Immigration lawyer Patrick Lewis told The Guardian: “I have clients who were in their last term of study who were then told simply they had to leave on that very day the accusations were made. They had to leave, and they would not be able to complete their course.”

What caused this?

In early 2014, BBC documentary programme Panorama launched an investigation into cheating in the Test of English for International Communication (TOEIC), one of the English language tests required to obtain a study visa in the UK in which the first accusations were made.

The former Home Sectary Theresa May, who is now Prime Minister, then asked the Educational Testing Services in the US – which ran the TOEIC system – to analyse voice files to determine if students used a proxy to pass their language tests.
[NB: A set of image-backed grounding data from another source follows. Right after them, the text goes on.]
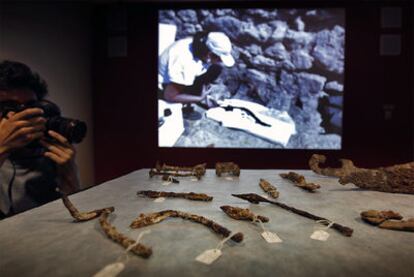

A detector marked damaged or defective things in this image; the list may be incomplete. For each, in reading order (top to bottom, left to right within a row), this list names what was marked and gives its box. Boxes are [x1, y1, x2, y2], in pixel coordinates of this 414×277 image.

rusty artifact [149, 160, 207, 179]
rusty artifact [260, 178, 280, 197]
rusty artifact [280, 170, 322, 192]
rusty artifact [308, 153, 414, 194]
rusty artifact [60, 191, 114, 221]
rusty artifact [98, 209, 152, 256]
rusty artifact [131, 209, 244, 242]
rusty artifact [220, 205, 268, 222]
rusty artifact [233, 193, 352, 236]
rusty artifact [360, 209, 414, 231]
It discovered 33,725 files were “invalid” and 22,694 were “questionable”, causing the Home Office to retaliate by cancelling almost 40,000 visas.

Undeniably, as the Home Office said in a statement, this was the uncovering of “of large-scale, organised fraud”. However, significant doubts over the legitimacy of many the claims have recently arisen.
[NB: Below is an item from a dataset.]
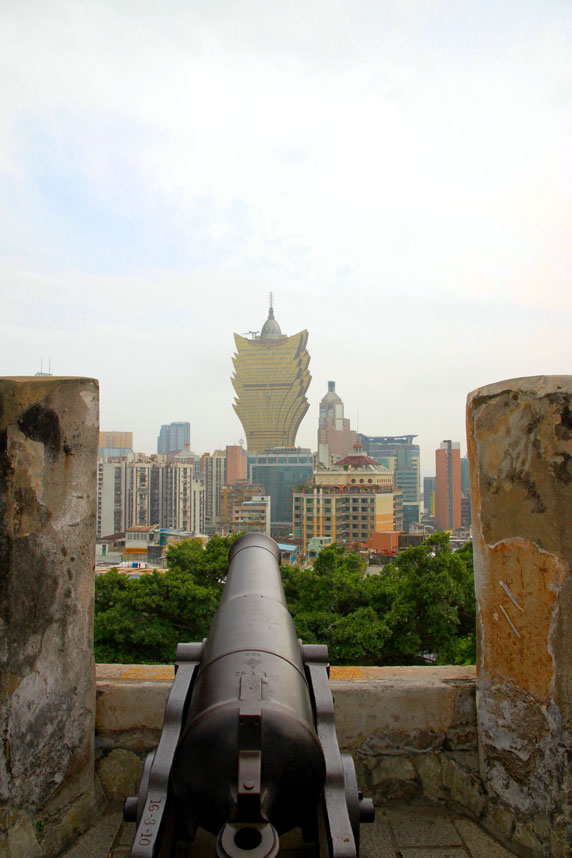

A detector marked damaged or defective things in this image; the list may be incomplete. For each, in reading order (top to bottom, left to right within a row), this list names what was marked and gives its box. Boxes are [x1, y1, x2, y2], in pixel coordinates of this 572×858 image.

Lewis claimed tribunal hearings have now found between five and 10 percent of the students involved were innocent and laid victim to other students’ fraud.

Can students appeal?

The students were forced to leave the UK immediately, however they were told they would be able to appeal when they were back in their home country. But, Lewis reported, no such mechanism for appeal exists in the majority of countries involved, including China, India and Bangladesh, so students were left with nothing.
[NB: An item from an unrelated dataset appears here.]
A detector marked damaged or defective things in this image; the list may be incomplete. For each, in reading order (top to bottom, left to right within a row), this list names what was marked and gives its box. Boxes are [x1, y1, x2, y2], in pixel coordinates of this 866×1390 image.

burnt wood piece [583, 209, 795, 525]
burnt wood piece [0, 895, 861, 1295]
Timms is among the MPs urging the Home Sectary to review the scandal to bring justice to the students who had nothing to do with it yet lost their money, their degree and their pride.

It is “completely scandalous”, he said.

He added: “They say their lives have been ruined by this. Their families invested quite often their life savings to provide a decent British education at a good university for their child.

“They’ve paid the money, they’ve lost their visa halfway through a course and they’re absolutely stuck. A lot of them feel they can’t go back to India or Bangladesh because of the shame attached to this. They’ve been accused of cheating by the British government.”

The Home Office statement, however, defended its actions by claiming “the government took immediate robust action on this” adding that it was “measured and proportionate”.

A spokesperson for Universities UK claimed the majority of cases involved students enrolled in private colleges, defending the decision stating: “Home Office research shows that levels of visa abuse involving university students is very low and universities take their compliance responsibilities seriously.

“Action should be taken only against individual students or institutions if there is clear and compelling evidence of abuse of the student visa system.”

The Home Office claimed, to date, 21 people have received criminal convictions for their part in the fraud.